RE: Kinetic Energy...how exactly does it work?
What you are seeing is that when you increase your arrow weight to much, you are dropping to much speed. Theres actually a maximum arrow weight that will give you the maximum amount of KE. Use the KE calculator I posted yesterday to find this. Many times people think the heavier your arrow is, the more penetration you will get. WRONG. Lets look at this. If you shoot an arrow at exactly 350 grains, you might get 70 ft/lbs KE at 300 fps. But if you throw a HEAVY log of an arrow on there that weighs 650 grains, I'm going to see that my FPS has dropped to ABOUT 200. And my KE has dropped to about 58 ft/lbs. BUT WAIT, I thought the heavier the arrow, the more KE. That is a misconception.
And this is why. You have added so much weight to your arrow that you now have slowed it down so tremendously that the arrow energy has actually been decreased. (Check it in the KE formula if you need) Since the speed has dropped so much you have also lost KE. Its kind of like a teeter totter. When one side increases (arrow weight) the other side must decrease (arrow speed) and thus the KE is affected through these two things. If you think of the arrow weight as your variable you will notice that KE and your fps are its dependents. The KE and FPS are DEPENDENT on the arrows weight.
Lets think of this in a real world example. If I take a bowling ball and roll it into you at 5 mph and then I take a baseball and throw it at you at 50 mph which is going to hurt more?
For the guy who said that the KE may be lower, but the momentum will be higher is actually not exactly right.
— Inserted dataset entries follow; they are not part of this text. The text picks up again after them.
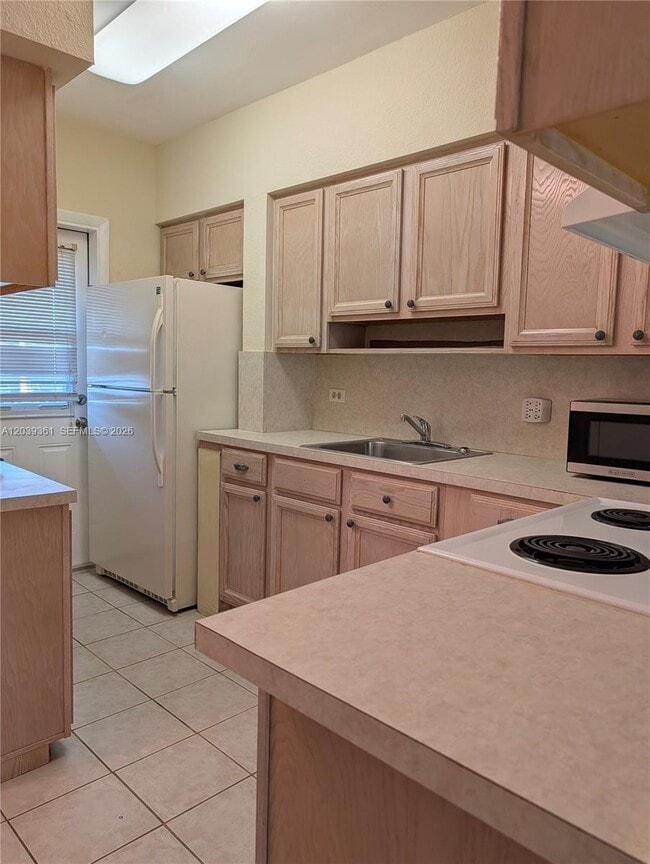 Building Photo - 6580 Santona St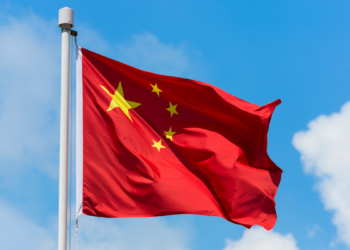 China anuncia descoberta de grandes reservas de terras raras, fluorita e barita em Sichuan, fortalecendo sua liderança global em minerais estratégicos e tecnologia.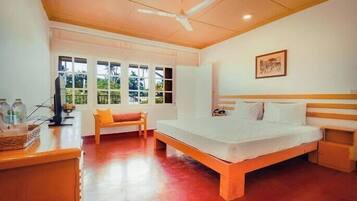 Twin Room | Meja, ruang kerja komputer riba, Wi-fi percuma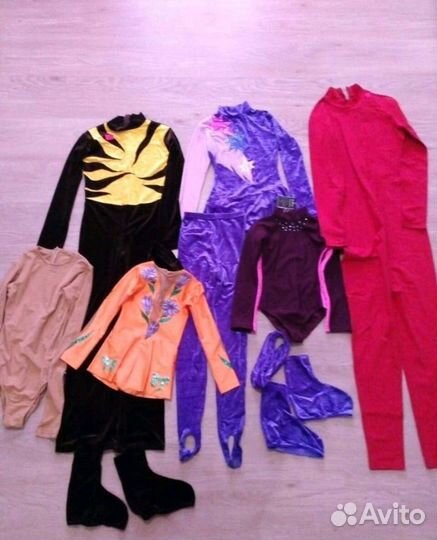 Костюмы для фигурного катания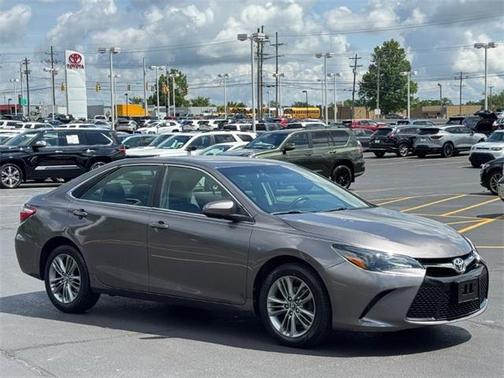 2016 Toyota Camry SE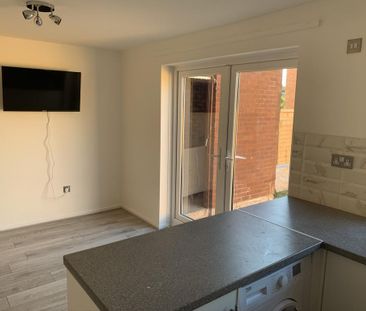 4 bedroom house share to rent - Photo 4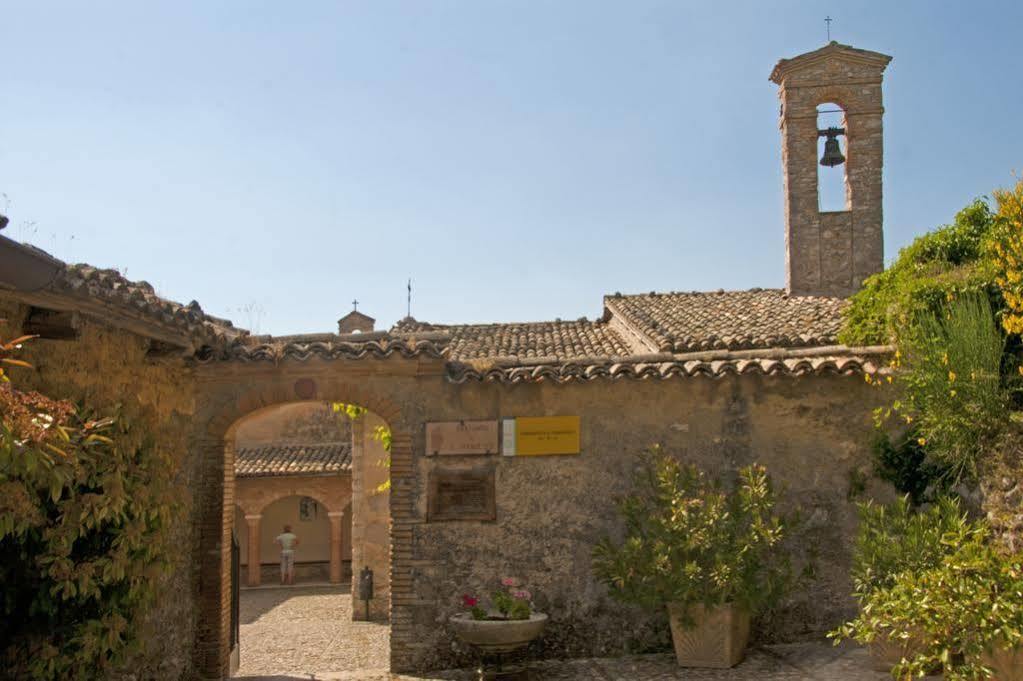 Hotel Athena Spolète Extérieur photo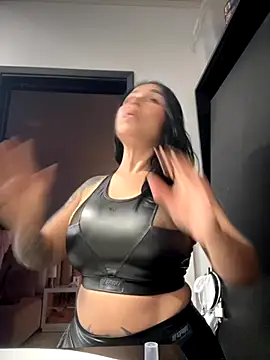 Natural BIGASS Nina online show from December 1, 11:15 am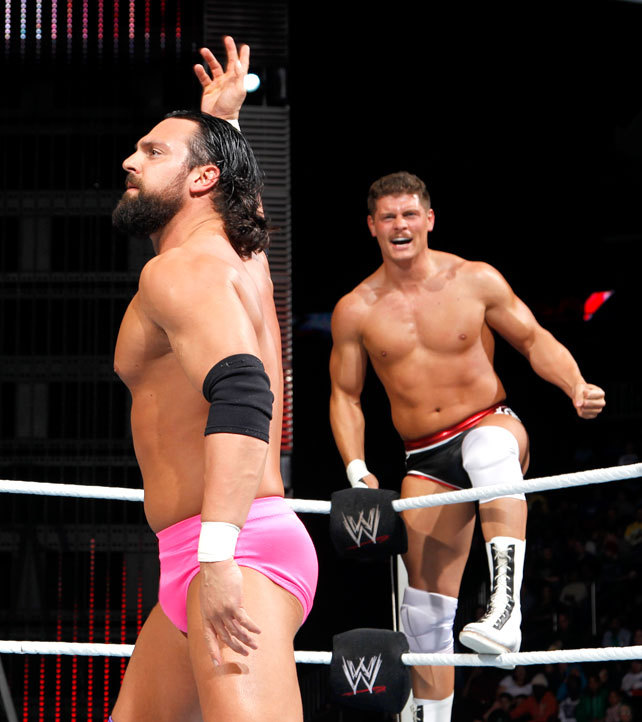 fishbulbsuplex:  Damien Sandow and Cody Rhodes  Sandow showing some great ass and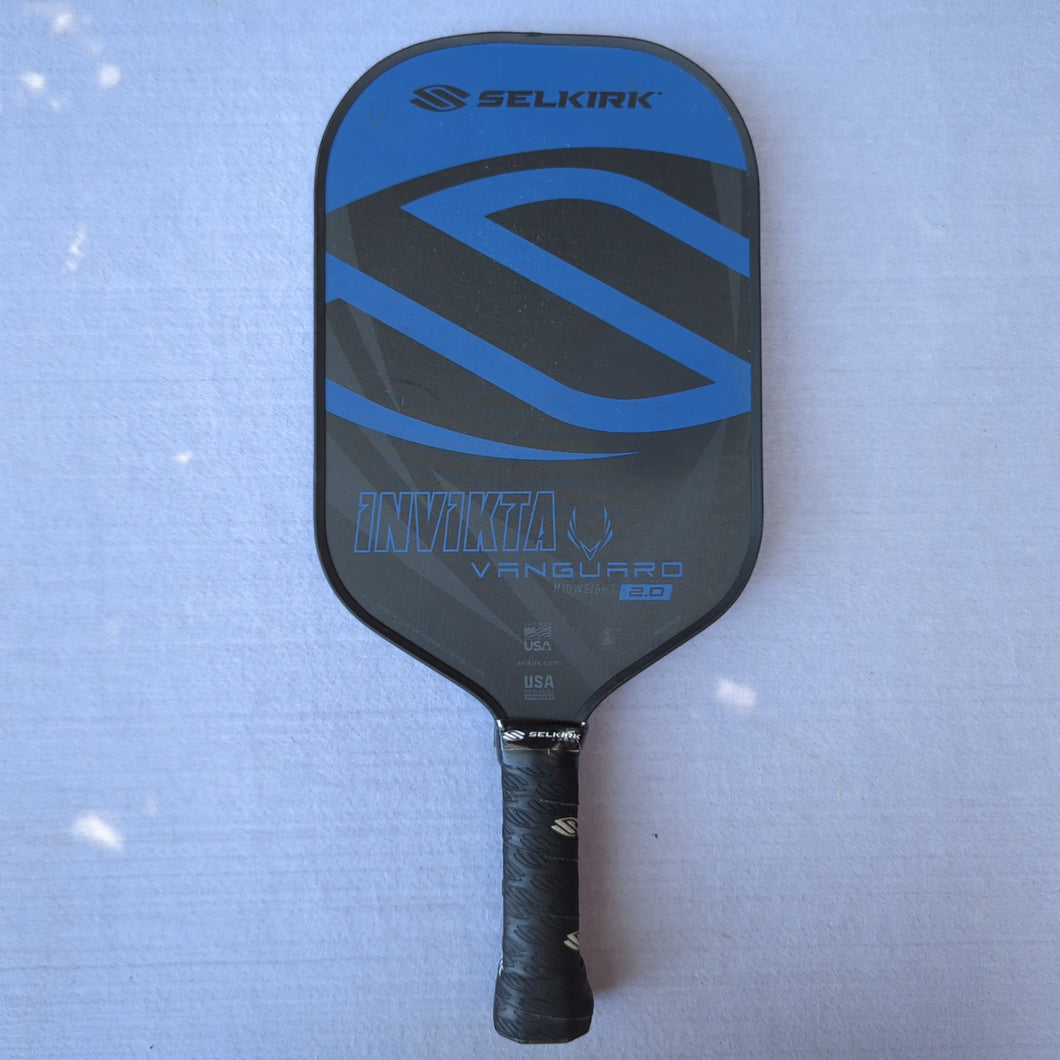 Selkirk Vanguard 2.0 Invikta Midweight - used paddle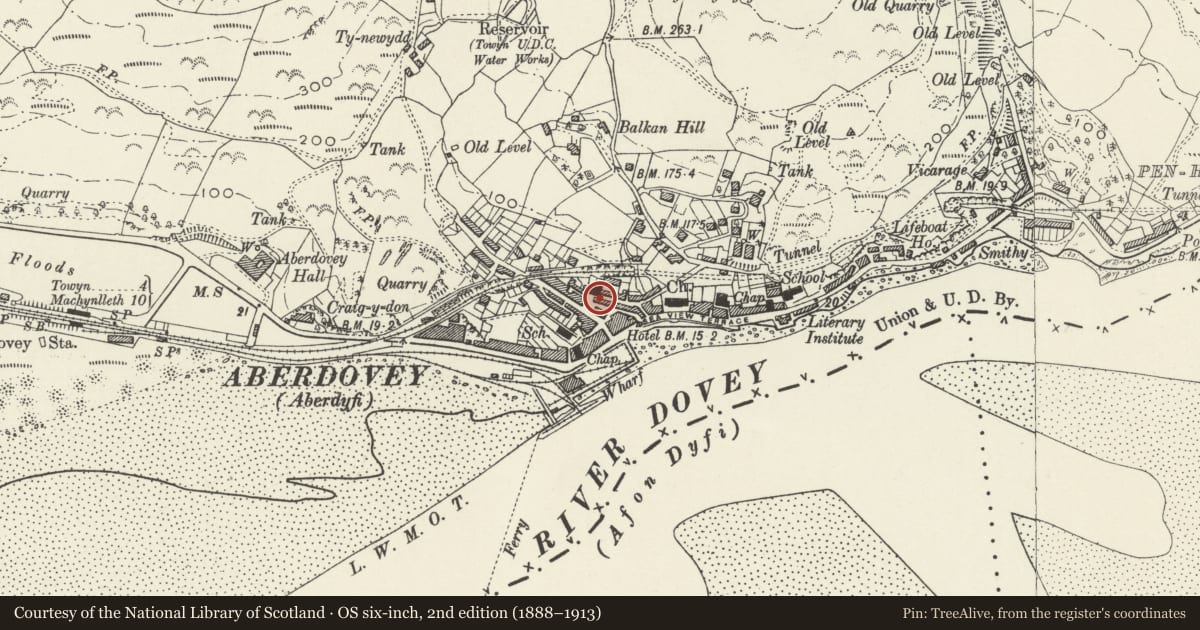 Ordnance Survey six-inch map, 2nd edition (1888–1913) covering the location of 5 New Street, Aberdovey, Gwynedd, with a pin at the register's coordinates
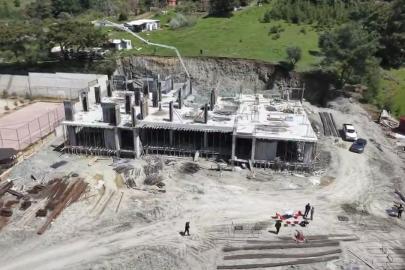 Vali Masatlı Belen’de okul inşaatını inceledi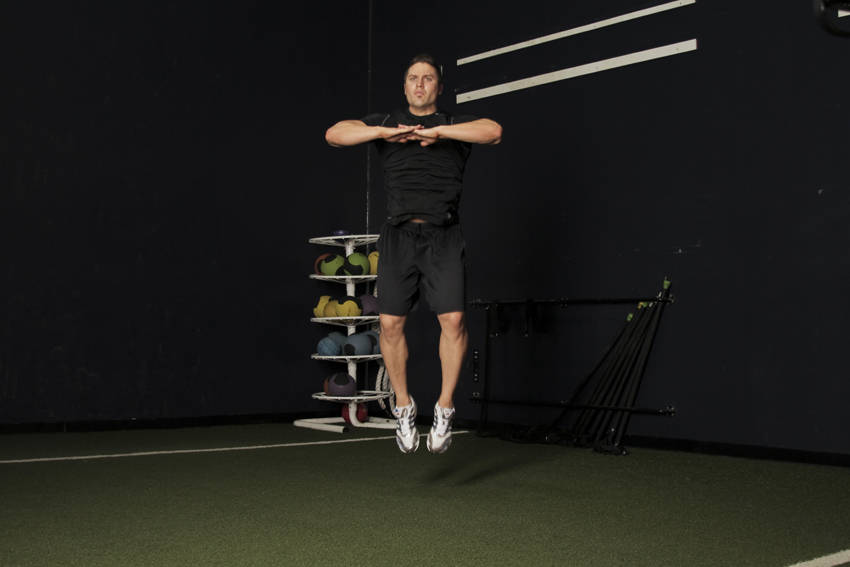 Knee Tuck Jump reference position 2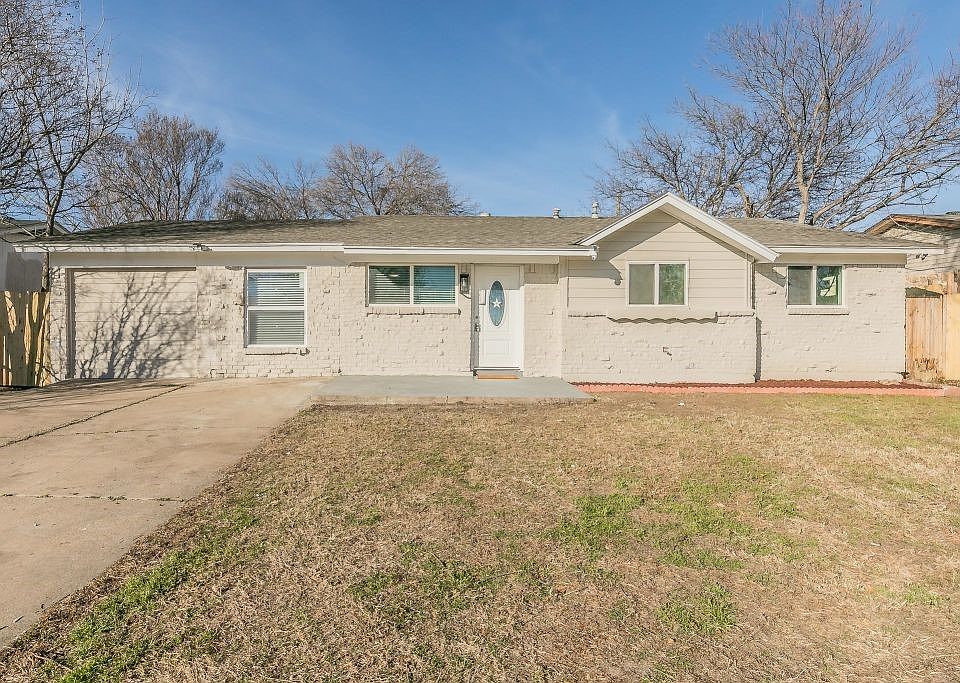 1st image of 4413 Gary Dr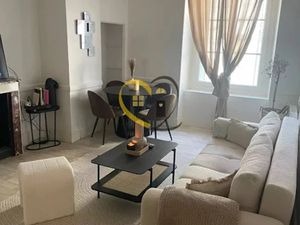 Vente immeuble 300 m² à Les Aix-d'Angillon (18220)  210 000 €
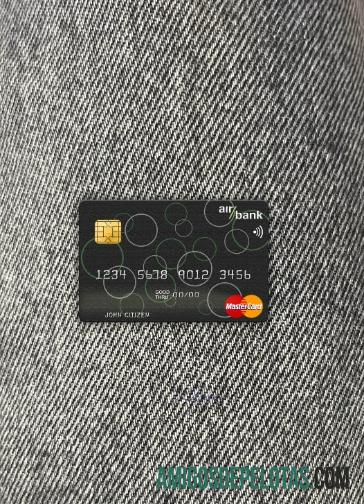 Republik Ceko Air bank mastercard tampilan foto depan pratinjau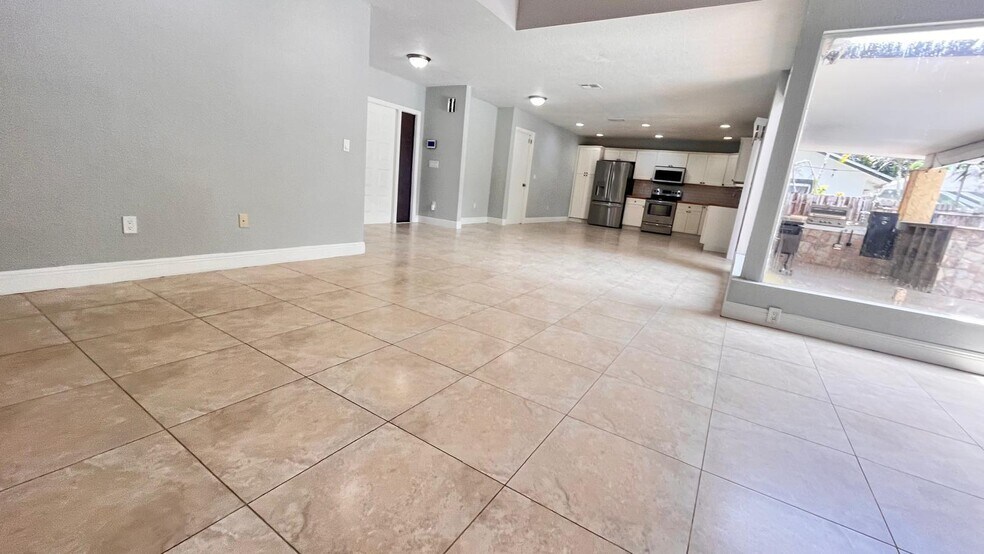 Building Photo - 11535 Sanderling Dr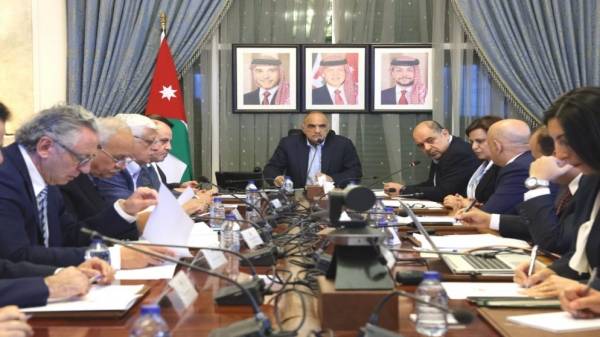 رئيس الوزراء يؤكد توحيد مرجعية الاستثمار ورفع قدراتها المؤسسية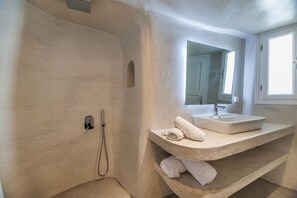 Junior suite, uitzicht op zee | Badkamer | Een douche, gratis toiletartikelen, een haardroger, handdoeken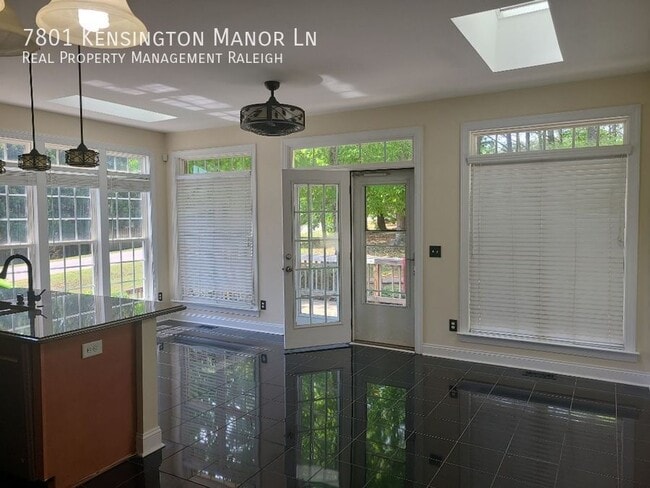 Photo - 7801 Kensington Manor Ln
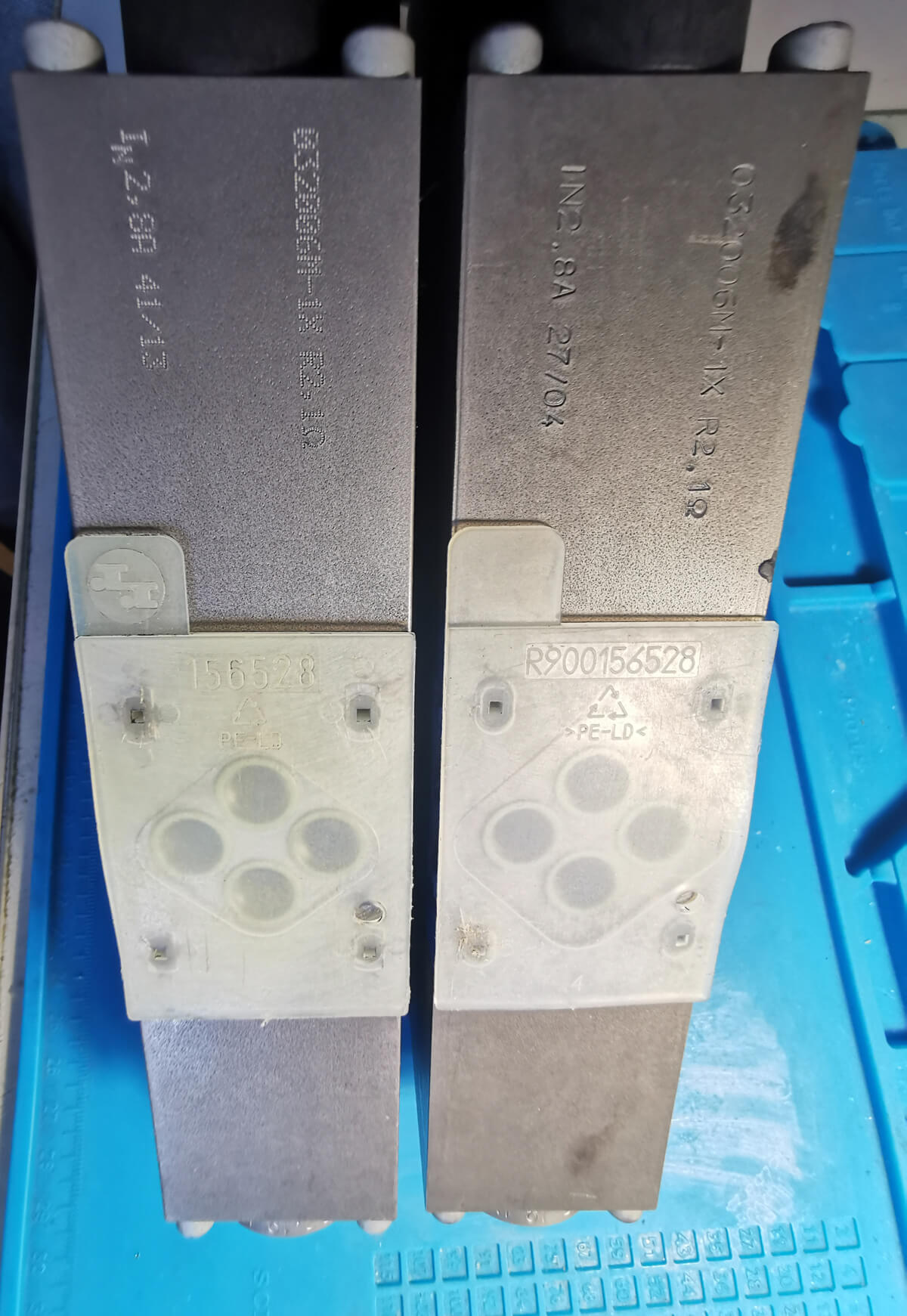 Фото 3 пропорционального клапана Bosch Rexroth R900906155 4WRSE6V1-20-31/G24K0/A1V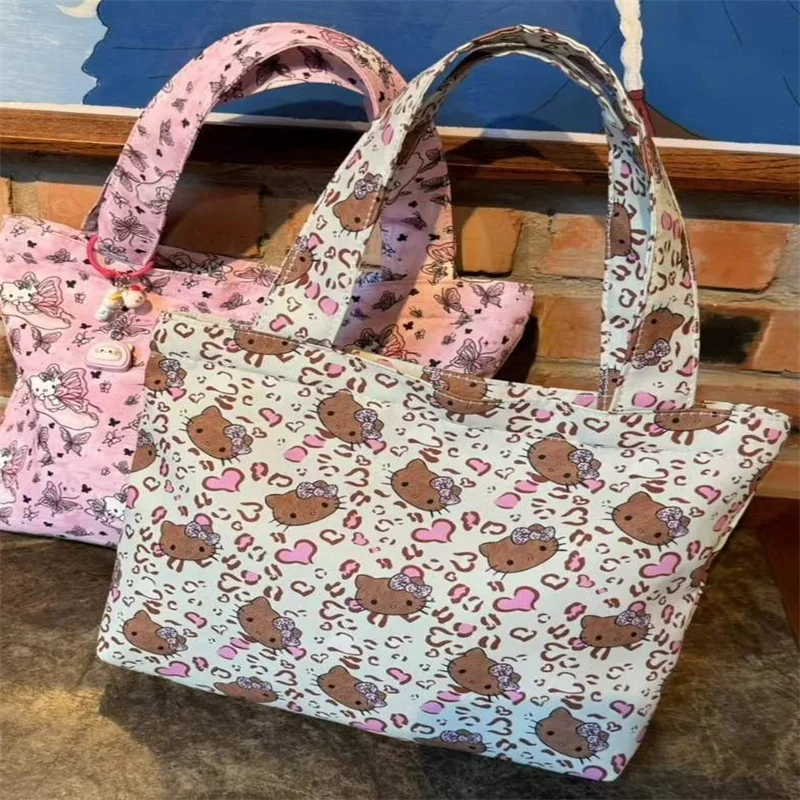 Cartoon HelloKitty canvas bag convenient outdoor handbag student shoulder bag commuting bag zipper bag
Cartoon HelloKitty canvas bag convenient outdoor handbag student shoulder bag commuting bag zipper bag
While there is some truth to his arguement, KE and momentum are so closely related and almost identical in formulas that their difference doesnt translate into real world use.
Bottom line is KE and momentum are almost identical scientific properties in a reality sense.
To sum all of this up in a snetence or two this is the bottom line. If you add to much weight to your arrow, the fps slows down so much that it negatively affects your KE. Likewise if you hunting arrow is to light you will gain massive speed, but will be too light to have high KE numbers.